The words fell heavy in the room. A cringe of shock shook me and I’m sure a rush of blood flooded my cheeks. Embarrassed, I averted my eyes from my parents. And tried to respond as slowly and gracefully as I could.

“Well, Thaddeus, mommy and daddy and Nona and Boppa believe that there is a God. But, you get to choose what you believe.”

We were sitting at the table about to have dinner. My dad had started to pray and my son had, as always, interrupted with screaming, “NO! I want to pray!” My dad said ok and my son preceded to pray the same prayer he prays every time,

“God our father, thank you for the food. Amen”

On this particular day I was feeling a bit frustrated with his repetitive, shallow prayer and decided to take it as an opportunity to have a conversation about prayer.

“You know what, Thaddeus, we can thank God for more than just the food.”

A chorus of suggestions sprung up from around the table.

“Like the cousins”

“Or grandma and grandpa”

“Or baby sister”

I continued, “And we can also pray about things we feel, or things we want. God wants to hear about all of it.”

I had barely gotten out the last sentence before he was yelling “No!” again. And just as my voice silenced his words fell echoing across the table,

“There is no God!”

He said it with the conviction of a full grown atheist who’s made the argument a hundred times. There was passion in his voice.

I used to think that children’s spirituality mimicked their parents until they reached a certain age at which point they would have to wrestle with their beliefs and come to their own conclusions. If their parents said there was no God they would believe that. If their parents said there was a God their belief would follow their parents.

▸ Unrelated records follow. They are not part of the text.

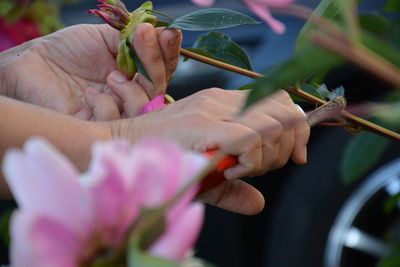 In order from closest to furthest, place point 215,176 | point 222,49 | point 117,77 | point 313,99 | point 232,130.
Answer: point 215,176, point 232,130, point 313,99, point 222,49, point 117,77

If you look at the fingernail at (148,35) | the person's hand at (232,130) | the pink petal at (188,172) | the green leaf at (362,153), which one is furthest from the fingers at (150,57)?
the pink petal at (188,172)

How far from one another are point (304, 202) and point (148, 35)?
7.07 ft

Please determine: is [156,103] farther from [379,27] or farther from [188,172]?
[188,172]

If a child told me “There is no God” I would wonder where they heard that and who they were parroting. Now I know differently.

Bryan and I would never tell Thaddeus there is no God. None of our family would tell him that. He’s been to church, learning about God, since he was a baby. Most of our friends have at least some form of belief and spirituality. He is not parroting. He has come to this belief on his own.

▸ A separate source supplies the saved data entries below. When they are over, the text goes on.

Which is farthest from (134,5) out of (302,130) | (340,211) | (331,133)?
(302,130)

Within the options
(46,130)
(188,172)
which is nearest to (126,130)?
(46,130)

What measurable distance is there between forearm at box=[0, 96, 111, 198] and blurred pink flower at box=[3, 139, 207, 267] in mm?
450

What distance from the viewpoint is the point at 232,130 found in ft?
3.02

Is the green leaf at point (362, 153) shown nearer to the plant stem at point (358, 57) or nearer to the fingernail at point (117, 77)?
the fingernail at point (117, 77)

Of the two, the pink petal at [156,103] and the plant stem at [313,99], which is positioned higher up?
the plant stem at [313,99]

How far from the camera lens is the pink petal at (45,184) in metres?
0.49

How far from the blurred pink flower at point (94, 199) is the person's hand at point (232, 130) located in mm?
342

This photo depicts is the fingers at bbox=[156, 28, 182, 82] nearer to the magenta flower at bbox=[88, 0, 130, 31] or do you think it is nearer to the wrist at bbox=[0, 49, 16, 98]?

At three years old his little mind insists that there is no God.

But I sense something different in his heart. His heart seems scared of God.

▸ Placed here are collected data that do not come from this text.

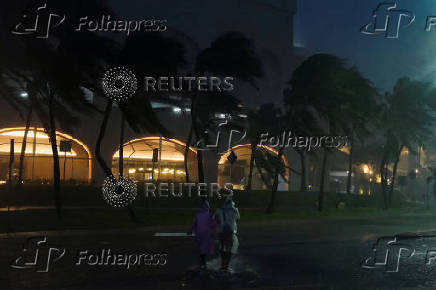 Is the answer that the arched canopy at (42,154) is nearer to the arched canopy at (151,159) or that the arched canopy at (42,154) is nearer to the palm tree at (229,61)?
the arched canopy at (151,159)

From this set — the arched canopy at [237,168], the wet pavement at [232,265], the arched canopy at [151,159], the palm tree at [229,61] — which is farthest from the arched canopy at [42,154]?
the wet pavement at [232,265]

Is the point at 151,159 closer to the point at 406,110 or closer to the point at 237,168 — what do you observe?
the point at 237,168

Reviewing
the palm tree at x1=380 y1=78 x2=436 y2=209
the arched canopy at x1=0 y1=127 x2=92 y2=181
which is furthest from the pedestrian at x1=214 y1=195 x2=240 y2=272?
the palm tree at x1=380 y1=78 x2=436 y2=209

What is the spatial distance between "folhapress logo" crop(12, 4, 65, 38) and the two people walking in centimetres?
1177

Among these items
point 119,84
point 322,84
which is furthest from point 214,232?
point 322,84

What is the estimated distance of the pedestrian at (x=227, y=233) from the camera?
38.1 feet

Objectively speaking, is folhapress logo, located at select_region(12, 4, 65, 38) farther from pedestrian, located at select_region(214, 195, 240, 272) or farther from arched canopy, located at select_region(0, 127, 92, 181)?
arched canopy, located at select_region(0, 127, 92, 181)

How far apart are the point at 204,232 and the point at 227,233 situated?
0.52 m

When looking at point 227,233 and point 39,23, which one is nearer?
point 227,233

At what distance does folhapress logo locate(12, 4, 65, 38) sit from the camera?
1961cm

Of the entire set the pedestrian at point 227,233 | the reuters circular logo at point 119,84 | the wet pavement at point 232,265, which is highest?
the reuters circular logo at point 119,84

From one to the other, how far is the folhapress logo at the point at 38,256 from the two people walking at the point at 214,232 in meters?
3.29

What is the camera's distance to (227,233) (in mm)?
11758

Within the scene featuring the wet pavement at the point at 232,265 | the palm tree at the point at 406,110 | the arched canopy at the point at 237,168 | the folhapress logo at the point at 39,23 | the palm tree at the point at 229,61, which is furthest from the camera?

And that breaks my heart even more than his statement of disbelief.

Because I know that fear. That fear of punishment. That fear that if God exists he isn’t good. He is harsh. He is vengeful. He is not safe. He is something to fear.

I felt that fear. It was the defining characteristic of my spiritual life for most of my childhood. And it still rattles and drives me at times.

For me that fear drove mto trying to be the perfect Christian. It drove me to pray “the sinners prayer” while trembling in the shadow of the hell that I had been told awaited me. Ultimately that fear drove me to God, but it also meant that it took me a long time to find the grace and love of God. At times when I feel that fear I still fight the desire to try to perfect myself for the sake of protection.

It has been a long journey for me to come to a place where I can experience and know that God is love.

I see that fear in my son. And yet, I see in him an attempt to alleviate that fear through an entirely different path than the one I took.

He is trying to relieve his fear by determining there is no God. By deciding that God doesn’t exist. By refusing to let me pray with him any time I attempt it apart from meals, by keeping prayers at meals shallow and without heart. By yelling anytime I talk about God.

His little heart is hiding.

And a part of me is glad. Perhaps his fear driving him away from God will enable his journey towards God to be led by love instead of fear.

But, a part of me fears where this path may lead if he continues on it. In my fear I tried to save myself, and having maintained a “good Christian” status most of my life grace took me a long time to learn. But, the path I took protected me from some pain and harm. I don’t want my son to have to experience that harm in order to find his way to God.

Part of me is also confused and frustrated. How do you share your own theology and spirituality with a child who refuses to have anything to do with God? How do you teach him the love of God? How do you show him the grace of God?

This is all so new for me. And not at all what I thought it would be.